Há mais coisas. Ficamos a saber que o rancor pessoal em relação aos adversários políticos, sejam de direita ou de esquerda, atravessa toda a cena política húngara.
Para András Lánczi, o fermento da esmagadora vitória de Viktor Orbán encontra-se na História da Hungria, passada e mais recente. Ao longo dos últimos 80 anos, os húngaros viveram uma série de derrotas – as duas guerras mundiais, desde logo, e 1956 [a insurreição de Budapeste]. O famoso "socialismo goulash", de János Kádár, mergulhou o país numa dívida a que o Estado ainda não conseguiu pôr fim. "As pessoas gostariam de se libertar finalmente deste enredo", recorda Lánczi. "Orbán dá-lhes a esperança de haver ordem e justiça e um Estado forte." Eis o motivo que levou o novo Governo a recusar a ajuda do FMI e a decidir submeter os bancos e as empresas – em particular, as estrangeiras – a um regime fiscal mais pesado.
Outro bairro de Budapeste, outra universidade. A Universidade da Europa Central. Digno de nota, János Kis, o célebre dissidente e intelectual influente nos "círculos liberais", dá por vezes razão a András Lánczi, seu adversário ideológico. Considera que "a atual situação se explica, antes de mais, por razões de ordem política e não sociológica ou histórica". A principal razão está na fraqueza e na corrupção da esquerda [no poder de 2002 a 2010]. Foi isso que provocou a sua "queda moral".
Viktor Orbán passou a ser a figura mais importante da vida política húngara. Com ele à cabeça, a direita sente que tem uma oportunidade histórica de transformar profundamente o Estado. Mas "se as medidas fiscais impostas aos bancos foram populares, o mesmo não aconteceu com a nacionalização dos fundos de pensões e com a sua ofensiva contra o Tribunal Constitucional. E assim que se perceber que o seu modelo económico não funciona, Viktor Orbán irá ter sérias dificuldades".
Guerra mediática dura há 20 anos
Com os restaurantes às moscas e as ruas quase vazias, Budapeste dá a ideia de uma localidade de província. A realidade virtual, dos media, mostra-se assim mais frenética, brutal e rancorosa. Os media de direita e os de orientação liberal estão separados por um muro intransponível. Os jornalistas não falam uns com os outros e não leem os jornais dos colegas.

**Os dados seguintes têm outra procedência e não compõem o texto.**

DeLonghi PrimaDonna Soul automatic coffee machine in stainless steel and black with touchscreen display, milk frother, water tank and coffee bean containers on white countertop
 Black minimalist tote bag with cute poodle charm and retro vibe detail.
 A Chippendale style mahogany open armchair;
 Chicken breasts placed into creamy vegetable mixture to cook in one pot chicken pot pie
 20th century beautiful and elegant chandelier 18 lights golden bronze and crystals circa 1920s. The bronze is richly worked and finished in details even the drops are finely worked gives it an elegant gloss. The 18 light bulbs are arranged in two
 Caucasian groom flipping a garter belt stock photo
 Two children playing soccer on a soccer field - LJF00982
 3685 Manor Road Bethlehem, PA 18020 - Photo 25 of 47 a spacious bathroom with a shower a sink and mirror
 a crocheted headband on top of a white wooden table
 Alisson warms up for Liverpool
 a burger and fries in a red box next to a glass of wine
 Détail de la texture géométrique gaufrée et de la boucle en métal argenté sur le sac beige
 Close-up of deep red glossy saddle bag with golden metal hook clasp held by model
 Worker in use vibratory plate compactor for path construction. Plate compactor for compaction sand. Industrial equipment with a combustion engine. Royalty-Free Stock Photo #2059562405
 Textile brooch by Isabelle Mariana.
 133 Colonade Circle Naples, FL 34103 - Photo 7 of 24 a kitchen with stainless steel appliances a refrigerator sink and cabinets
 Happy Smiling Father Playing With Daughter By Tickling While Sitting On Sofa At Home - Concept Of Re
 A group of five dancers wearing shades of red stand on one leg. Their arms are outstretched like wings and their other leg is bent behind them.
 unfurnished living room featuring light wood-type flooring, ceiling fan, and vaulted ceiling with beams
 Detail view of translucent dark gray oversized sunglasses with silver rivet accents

"Esta guerra mediática dura há 20 anos", indica Péter Csermely, chefe de redação do Magyar Nemzet, o maior diário húngaro de direita. Conta de que forma, sem razão, os media de tendência liberal, na Hungria e no estrangeiro, tratam a direita e o Governo como se fossem fascistas e antissemitas. "Mas em outubro de 2006, quando a polícia bateu e torturou manifestantes durante a memorável concentração organizada contra o antigo Governo, esses media não abriram a boca [no 50º aniversário da insurreição de 1956, a polícia investiu contra os participantes numa manifestação de extrema direita, mas também contra manifestantes pacíficos]. Depois de tudo isto, ainda se admiram que a nova lei sobre os media exija uma cobertura equilibrada?"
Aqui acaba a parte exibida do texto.